> STORED DATA:

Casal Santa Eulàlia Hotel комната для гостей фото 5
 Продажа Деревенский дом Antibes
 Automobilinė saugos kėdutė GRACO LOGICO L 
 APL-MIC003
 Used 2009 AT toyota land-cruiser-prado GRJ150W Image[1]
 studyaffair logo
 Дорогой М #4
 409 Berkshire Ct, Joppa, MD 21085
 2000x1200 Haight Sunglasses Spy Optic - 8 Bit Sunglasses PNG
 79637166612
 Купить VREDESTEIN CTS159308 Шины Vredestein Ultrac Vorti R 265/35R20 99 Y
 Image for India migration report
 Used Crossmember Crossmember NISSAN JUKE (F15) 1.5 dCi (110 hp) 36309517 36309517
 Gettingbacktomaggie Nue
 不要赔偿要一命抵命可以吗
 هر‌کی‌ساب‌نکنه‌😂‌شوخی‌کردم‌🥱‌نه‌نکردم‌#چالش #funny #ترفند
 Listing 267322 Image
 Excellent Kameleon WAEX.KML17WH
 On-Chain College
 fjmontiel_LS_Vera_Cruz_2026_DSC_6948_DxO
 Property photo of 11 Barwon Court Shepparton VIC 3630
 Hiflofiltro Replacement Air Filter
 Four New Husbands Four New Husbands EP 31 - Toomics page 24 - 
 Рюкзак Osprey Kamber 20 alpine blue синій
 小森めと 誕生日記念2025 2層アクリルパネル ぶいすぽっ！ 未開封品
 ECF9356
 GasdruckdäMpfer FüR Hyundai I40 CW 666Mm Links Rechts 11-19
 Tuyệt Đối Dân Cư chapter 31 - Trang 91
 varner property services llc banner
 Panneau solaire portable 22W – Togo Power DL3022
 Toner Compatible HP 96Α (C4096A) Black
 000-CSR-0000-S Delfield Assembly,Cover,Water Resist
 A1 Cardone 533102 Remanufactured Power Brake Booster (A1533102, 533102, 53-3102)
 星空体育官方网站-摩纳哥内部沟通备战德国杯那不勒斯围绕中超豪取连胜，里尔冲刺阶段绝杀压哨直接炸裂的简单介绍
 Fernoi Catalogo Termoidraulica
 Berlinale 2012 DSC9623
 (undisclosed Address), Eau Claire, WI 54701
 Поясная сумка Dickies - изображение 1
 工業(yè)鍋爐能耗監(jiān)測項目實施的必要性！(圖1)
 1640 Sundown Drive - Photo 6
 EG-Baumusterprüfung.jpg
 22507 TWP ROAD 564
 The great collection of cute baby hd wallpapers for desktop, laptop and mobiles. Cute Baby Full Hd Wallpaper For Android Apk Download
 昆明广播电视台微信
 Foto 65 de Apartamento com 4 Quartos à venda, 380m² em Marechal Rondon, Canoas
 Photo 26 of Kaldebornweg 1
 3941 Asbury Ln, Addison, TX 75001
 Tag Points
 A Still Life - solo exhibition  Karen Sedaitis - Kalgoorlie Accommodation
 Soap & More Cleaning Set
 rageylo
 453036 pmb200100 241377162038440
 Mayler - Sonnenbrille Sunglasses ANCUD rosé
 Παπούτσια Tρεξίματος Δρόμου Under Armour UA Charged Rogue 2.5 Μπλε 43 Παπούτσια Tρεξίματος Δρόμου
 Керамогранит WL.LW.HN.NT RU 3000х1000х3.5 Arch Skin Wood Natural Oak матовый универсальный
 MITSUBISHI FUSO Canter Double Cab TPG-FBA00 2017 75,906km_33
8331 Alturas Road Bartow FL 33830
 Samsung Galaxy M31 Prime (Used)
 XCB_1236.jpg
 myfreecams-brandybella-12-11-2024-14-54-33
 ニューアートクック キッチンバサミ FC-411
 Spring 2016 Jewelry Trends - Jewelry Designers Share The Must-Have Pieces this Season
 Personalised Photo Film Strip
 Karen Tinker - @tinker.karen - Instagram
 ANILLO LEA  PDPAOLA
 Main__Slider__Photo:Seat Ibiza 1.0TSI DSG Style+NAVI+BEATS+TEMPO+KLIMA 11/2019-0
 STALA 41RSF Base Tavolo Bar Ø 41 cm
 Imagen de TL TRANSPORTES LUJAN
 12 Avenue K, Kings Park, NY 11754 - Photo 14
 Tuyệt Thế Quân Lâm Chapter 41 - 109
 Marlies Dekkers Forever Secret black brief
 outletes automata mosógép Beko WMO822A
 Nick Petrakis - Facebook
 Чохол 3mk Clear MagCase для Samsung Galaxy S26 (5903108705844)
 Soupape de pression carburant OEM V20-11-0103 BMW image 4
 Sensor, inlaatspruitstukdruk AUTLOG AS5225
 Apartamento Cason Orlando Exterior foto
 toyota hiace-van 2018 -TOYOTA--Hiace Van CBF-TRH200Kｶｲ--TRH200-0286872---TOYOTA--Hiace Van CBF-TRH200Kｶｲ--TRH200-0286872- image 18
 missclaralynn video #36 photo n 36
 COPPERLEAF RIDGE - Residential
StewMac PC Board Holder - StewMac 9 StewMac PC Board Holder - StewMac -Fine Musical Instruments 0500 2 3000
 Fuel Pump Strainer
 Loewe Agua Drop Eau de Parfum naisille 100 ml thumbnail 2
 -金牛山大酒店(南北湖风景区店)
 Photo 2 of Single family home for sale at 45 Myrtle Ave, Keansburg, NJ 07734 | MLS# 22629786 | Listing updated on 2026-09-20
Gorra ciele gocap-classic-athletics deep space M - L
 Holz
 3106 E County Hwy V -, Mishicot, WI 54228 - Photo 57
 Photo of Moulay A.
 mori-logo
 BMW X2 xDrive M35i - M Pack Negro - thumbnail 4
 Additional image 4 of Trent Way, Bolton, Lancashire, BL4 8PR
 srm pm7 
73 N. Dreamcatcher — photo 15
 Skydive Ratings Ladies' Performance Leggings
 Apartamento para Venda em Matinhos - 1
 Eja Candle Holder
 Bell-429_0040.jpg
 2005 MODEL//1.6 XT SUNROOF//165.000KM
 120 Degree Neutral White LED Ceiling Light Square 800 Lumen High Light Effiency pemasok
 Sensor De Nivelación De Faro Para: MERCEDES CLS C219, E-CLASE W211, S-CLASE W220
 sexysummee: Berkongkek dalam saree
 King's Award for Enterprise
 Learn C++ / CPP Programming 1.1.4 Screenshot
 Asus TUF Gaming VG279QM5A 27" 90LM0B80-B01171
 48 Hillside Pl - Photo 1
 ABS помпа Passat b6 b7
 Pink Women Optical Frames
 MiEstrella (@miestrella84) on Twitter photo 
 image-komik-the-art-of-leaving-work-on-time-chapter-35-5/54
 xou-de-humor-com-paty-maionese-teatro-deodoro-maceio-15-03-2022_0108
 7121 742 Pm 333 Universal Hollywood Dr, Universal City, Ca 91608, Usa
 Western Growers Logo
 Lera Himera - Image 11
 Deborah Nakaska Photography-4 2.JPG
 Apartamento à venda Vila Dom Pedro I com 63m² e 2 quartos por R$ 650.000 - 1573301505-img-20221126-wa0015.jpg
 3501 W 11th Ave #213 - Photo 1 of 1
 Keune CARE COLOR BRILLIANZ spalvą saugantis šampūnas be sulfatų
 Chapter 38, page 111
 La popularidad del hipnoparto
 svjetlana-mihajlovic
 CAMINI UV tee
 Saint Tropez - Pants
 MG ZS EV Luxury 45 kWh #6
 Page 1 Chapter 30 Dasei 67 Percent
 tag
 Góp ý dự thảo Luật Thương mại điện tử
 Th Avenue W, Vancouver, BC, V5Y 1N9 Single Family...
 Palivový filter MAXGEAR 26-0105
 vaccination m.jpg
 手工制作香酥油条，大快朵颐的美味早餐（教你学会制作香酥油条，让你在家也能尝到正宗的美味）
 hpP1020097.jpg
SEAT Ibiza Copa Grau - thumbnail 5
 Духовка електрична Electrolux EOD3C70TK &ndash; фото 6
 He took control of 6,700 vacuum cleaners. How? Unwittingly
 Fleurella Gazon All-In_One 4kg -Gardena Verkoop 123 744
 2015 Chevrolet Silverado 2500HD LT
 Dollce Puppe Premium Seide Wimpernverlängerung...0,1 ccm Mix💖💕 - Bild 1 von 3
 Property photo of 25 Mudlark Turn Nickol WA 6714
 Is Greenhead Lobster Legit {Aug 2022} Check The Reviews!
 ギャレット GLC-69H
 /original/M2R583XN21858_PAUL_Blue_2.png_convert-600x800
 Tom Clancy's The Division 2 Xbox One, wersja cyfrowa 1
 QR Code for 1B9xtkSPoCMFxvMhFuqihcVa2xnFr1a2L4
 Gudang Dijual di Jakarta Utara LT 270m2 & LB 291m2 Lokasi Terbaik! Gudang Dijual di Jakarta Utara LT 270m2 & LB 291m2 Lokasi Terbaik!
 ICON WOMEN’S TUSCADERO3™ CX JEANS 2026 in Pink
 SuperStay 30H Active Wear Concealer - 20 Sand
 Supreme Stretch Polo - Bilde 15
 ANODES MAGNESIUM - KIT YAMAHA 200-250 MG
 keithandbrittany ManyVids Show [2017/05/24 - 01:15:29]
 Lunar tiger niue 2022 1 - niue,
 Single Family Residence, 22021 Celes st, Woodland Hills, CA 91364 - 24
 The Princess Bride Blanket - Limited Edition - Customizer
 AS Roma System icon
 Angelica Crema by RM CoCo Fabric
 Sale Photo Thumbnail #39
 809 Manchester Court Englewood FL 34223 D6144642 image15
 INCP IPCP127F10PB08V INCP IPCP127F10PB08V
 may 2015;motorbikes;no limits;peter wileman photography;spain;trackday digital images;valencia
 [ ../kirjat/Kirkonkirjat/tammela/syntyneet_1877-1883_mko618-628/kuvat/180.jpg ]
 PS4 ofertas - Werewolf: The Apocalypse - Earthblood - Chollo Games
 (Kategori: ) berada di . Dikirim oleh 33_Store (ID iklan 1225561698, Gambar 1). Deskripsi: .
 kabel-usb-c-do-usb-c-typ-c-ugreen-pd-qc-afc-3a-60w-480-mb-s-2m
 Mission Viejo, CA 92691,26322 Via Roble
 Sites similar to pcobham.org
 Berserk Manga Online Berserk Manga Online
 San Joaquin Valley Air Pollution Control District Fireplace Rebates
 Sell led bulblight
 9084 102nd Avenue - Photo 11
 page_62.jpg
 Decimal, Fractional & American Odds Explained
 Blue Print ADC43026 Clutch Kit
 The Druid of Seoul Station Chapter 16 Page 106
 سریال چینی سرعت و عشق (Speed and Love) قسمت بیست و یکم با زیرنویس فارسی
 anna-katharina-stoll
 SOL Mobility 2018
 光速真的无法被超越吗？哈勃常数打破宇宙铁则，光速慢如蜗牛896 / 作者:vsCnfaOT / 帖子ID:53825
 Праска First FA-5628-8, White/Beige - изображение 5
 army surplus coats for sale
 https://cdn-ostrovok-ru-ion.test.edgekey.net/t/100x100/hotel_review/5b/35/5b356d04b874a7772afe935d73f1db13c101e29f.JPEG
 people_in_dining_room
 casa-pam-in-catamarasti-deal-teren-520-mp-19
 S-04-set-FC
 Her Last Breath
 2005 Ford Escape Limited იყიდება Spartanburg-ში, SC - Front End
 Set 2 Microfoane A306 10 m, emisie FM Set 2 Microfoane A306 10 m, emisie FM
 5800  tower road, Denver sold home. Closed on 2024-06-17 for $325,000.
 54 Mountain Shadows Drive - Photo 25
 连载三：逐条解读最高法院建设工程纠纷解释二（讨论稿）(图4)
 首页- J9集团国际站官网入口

> PROBLEM TO SOLVE:
Find and copy every line in the entries above where the string "Single" occurs.

> EXPECTED ANSWER:
 Photo 2 of Single family home for sale at 45 Myrtle Ave, Keansburg, NJ 07734 | MLS# 22629786 | Listing updated on 2026-09-20
 Th Avenue W, Vancouver, BC, V5Y 1N9 Single Family...
 Single Family Residence, 22021 Celes st, Woodland Hills, CA 91364 - 24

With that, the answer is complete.